L'histoire suit cette femme qui s'occupe d'Amanda, fillette de six ans dont elle devient progressivement la figure maternelle de substitution. Nous assistons à une relation complexe où affection sincère et contrôle social s'entremêlent dangereusement. La proximité quotidienne entre ces deux personnages révèle les fractures invisibles d'une société latino-américaine marquée par les inégalités.

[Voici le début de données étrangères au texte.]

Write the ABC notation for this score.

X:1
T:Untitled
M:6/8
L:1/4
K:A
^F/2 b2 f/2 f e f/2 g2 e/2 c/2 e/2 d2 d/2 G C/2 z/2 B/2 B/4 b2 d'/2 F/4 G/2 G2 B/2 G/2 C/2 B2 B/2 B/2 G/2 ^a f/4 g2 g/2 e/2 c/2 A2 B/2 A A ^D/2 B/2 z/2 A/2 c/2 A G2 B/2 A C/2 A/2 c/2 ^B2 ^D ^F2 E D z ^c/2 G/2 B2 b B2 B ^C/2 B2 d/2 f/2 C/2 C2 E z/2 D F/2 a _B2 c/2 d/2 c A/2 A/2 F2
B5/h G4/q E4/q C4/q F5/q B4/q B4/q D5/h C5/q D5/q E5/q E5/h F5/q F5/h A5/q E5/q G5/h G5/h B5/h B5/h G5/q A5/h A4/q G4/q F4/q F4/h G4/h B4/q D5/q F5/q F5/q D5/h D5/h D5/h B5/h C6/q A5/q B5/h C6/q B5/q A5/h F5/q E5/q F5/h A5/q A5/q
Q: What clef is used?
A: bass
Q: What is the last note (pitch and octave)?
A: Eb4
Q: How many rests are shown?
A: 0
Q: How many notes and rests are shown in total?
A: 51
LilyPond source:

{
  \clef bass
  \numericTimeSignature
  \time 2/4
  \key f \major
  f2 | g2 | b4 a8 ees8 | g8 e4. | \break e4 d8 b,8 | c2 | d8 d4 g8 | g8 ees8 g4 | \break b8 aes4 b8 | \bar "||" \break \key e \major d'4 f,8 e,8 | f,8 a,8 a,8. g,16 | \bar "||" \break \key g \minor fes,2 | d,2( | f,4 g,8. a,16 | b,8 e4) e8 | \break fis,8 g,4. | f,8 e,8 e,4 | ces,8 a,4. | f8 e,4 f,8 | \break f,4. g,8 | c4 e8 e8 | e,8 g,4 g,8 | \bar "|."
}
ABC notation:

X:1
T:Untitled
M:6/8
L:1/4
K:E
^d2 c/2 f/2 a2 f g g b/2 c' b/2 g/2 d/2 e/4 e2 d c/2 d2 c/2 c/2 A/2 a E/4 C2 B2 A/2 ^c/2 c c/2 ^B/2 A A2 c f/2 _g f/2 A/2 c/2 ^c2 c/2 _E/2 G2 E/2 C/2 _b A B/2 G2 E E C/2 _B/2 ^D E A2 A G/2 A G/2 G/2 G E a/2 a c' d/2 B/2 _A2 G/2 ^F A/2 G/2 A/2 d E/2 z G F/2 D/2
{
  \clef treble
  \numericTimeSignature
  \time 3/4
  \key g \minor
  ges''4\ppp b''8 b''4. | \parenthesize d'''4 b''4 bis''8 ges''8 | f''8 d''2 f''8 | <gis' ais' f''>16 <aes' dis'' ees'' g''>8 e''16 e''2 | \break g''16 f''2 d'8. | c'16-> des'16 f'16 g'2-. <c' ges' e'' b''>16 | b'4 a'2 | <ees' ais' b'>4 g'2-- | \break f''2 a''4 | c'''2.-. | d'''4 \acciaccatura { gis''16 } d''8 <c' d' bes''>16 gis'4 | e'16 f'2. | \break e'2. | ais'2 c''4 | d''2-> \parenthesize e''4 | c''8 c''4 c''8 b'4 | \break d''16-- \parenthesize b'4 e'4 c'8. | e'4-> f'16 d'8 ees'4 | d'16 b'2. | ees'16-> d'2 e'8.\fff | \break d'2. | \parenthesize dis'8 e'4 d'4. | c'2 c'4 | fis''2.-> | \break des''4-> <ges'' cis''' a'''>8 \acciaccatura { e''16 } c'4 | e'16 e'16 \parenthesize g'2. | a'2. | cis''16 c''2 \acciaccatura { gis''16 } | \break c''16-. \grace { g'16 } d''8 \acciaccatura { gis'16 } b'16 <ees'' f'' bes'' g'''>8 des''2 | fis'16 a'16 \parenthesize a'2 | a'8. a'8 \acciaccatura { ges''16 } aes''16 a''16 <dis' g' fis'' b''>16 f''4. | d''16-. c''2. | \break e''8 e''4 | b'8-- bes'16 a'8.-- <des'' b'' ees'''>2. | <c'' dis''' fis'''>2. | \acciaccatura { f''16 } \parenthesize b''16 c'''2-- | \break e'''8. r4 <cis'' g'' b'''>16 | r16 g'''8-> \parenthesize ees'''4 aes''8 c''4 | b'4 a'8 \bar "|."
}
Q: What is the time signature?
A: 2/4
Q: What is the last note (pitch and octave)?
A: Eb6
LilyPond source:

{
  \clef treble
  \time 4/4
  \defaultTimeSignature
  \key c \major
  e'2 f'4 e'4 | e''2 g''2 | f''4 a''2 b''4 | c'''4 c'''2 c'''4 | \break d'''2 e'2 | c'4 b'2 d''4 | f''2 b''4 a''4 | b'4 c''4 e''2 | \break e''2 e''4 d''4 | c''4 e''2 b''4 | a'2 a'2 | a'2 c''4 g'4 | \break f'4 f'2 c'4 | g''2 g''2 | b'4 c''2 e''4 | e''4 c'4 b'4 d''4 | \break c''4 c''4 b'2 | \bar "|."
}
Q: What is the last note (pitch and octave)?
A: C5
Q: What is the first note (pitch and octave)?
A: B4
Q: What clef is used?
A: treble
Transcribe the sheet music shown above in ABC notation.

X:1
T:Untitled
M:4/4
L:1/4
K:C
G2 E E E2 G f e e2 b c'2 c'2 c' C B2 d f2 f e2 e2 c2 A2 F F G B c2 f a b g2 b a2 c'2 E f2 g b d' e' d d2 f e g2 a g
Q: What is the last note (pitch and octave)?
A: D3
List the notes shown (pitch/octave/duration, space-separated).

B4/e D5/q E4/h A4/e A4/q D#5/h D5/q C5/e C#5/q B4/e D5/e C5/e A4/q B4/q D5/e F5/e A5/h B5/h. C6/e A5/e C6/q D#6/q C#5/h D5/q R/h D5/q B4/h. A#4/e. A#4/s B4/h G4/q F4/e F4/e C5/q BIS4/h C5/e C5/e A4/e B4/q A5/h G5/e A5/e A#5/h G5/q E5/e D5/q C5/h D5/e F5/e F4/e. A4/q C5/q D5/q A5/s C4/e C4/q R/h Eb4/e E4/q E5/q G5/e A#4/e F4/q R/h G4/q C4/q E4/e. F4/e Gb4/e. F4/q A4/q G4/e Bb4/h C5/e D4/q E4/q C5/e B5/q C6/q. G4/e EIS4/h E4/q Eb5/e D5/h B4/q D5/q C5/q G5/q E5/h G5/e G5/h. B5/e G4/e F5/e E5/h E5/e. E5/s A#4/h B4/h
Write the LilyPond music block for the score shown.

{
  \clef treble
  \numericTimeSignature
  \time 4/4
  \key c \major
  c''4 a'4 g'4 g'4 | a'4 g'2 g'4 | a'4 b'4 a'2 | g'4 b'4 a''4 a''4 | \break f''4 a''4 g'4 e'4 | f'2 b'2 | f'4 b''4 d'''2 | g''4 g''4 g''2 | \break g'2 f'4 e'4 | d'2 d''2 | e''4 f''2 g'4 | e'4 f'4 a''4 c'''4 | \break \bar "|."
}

Une adaptation littéraire qui interroge les structures sociales

L'œuvre originale d'Alia Trabucco Zerán visite depuis longtemps les thèmes de la mémoire collective et des hiérarchies cachées. En collaborant avec la coscénariste Gabriela Larralde, Sotomayor transpose cette intimité troublante en miroir sociologique. Nous cherchons comment le travail domestique devient théâtre d'une domination historique profondément ancrée.

La réalisatrice a déclaré au Festival de Saint-Sébastien vouloir "réactualiser la notion de travail domestique en Amérique latine". Cette approche s'inscrit dans la continuité des productions de la société Fabula, déjà responsables de films comme Une femme fantastique ou El Conde.

ÉlémentDétail
Distribution principaleMaría Paz Grandjean, Rosa Puga Vittini
Directrice photoBárbara Álvarez
MontageFederico Rotstein
MusiqueCarlos Cabezas

Une esthétique immersive au service du récit intime

Nous sommes frappés par l'atmosphère visuelle particulière que crée Bárbara Álvarez. Sa direction photographique baigne chaque séquence dans une lumière organique qui accentue l'enfermement psychologique d'Estela. Les reflets de cuisine et les ombres de couloirs deviennent des éléments narratifs à part entière.

Le montage de Federico Rotstein et la partition musicale minimale de Carlos Cabezas renforcent cette sensation d'étouffement silencieux. Rosa Puga Vittini livre une prestation remarquable dans le rôle d'Amanda, aux côtés d'Ignacia Baeza Hidalgo et Benjamín Westfall.

Présenté en ouverture de la section Horizontes Latinos au Festival de Saint-Sébastien, ce long-métrage nous offre une expérience cinématographique lente et sensorielle. Les critiques ont salué cette approche qui révèle les liens complexes entre classe sociale, maternité et corporéité. Nous recommandons vivement cette découverte chilienne qui enrichit le catalogue Netflix d'une œuvre authentique et bouleversante.